To protect Regional Rail employees, SEPTA is deep-cleaning crew locations, conducting contact tracing, providing protective equipment such as masks and hand sanitizer to staff, and enforcing social distancing aboard trains and in work spaces, according to the authority.
Donald Hill, general chairman of the local Brotherhood of Locomotive Engineers and Trainmen, which represents more than 200 locomotive engineers, advocated for a new vehicle-cleaning procedure implemented last month at Suburban Station that he believes helped to stabilize the number of employee cases.
Hill said he and Bernard Norwood, head of the SEPTA conductors union, have pressured SEPTA to start temperature checks and offer personal bottles of hand sanitizer and disinfectant wipes since March.

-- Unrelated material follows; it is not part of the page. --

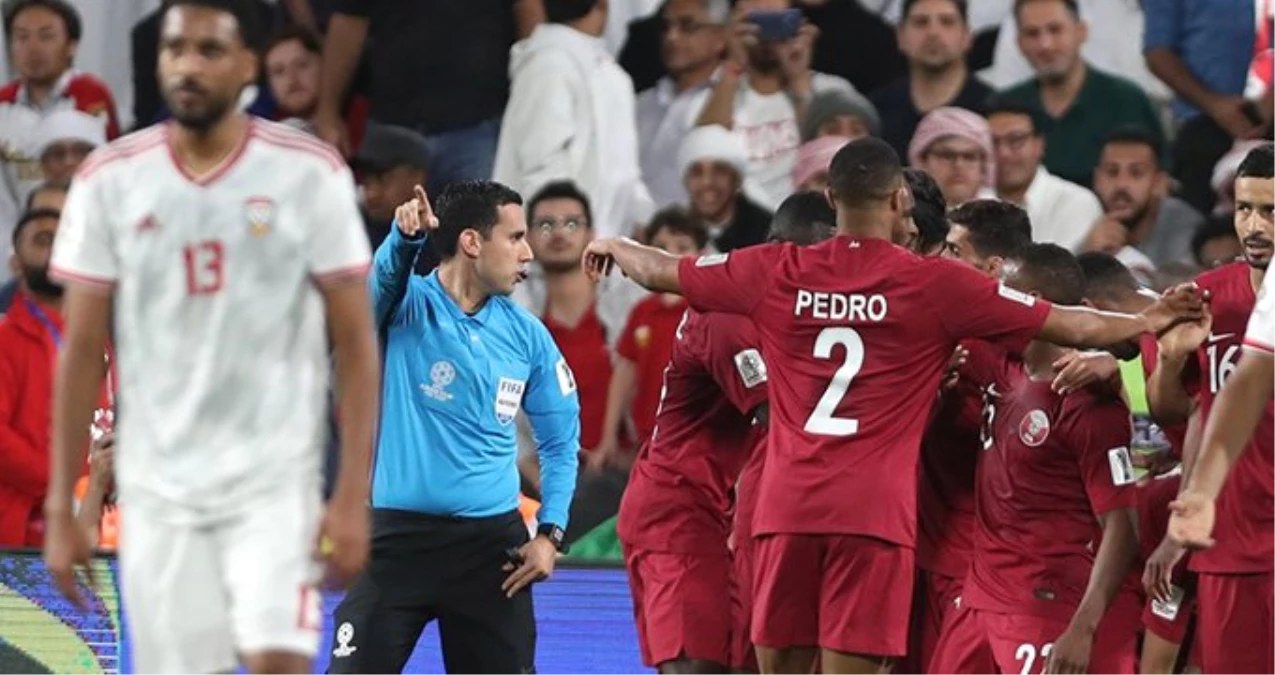 Katar, Birleşik Arap Emirlikleri\'ni 4-0 Yenerek Finale Yükseldi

Progress has been glacial, they both said.
“I have made it clear to the company that they needed to do more than what they were doing,” Hill said.
Both believe that face masks should be required while riding public transportation — the case in New Jersey, New York, Delaware, and, starting Monday, on Amtrak. SEPTA reversed a short-lived requirement after a viral video showed a man dragged off a bus by police officers, allegedly for not wearing a facial covering. The authority urges riders to wear masks.
“We’re doing exactly what the others are doing,” Richards said. “I understand the words people are getting hung up on, but yes, we are strongly encouraging just like New Jersey and New York is doing.”
For now, Dennis and Susan Lafferty, who were both single parents, wait and plan for the future.
Maybe they’ll finally take that honeymoon they never got around to. Maybe, they’ll watch their children — ages 16, 28, and 26 — raise their own families.
They think about a nice little house out in the countryside, somewhere Dennis can do his yard work and Susan her sewing and cooking.
“And," he said, “a big enough yard to hit some golf balls.”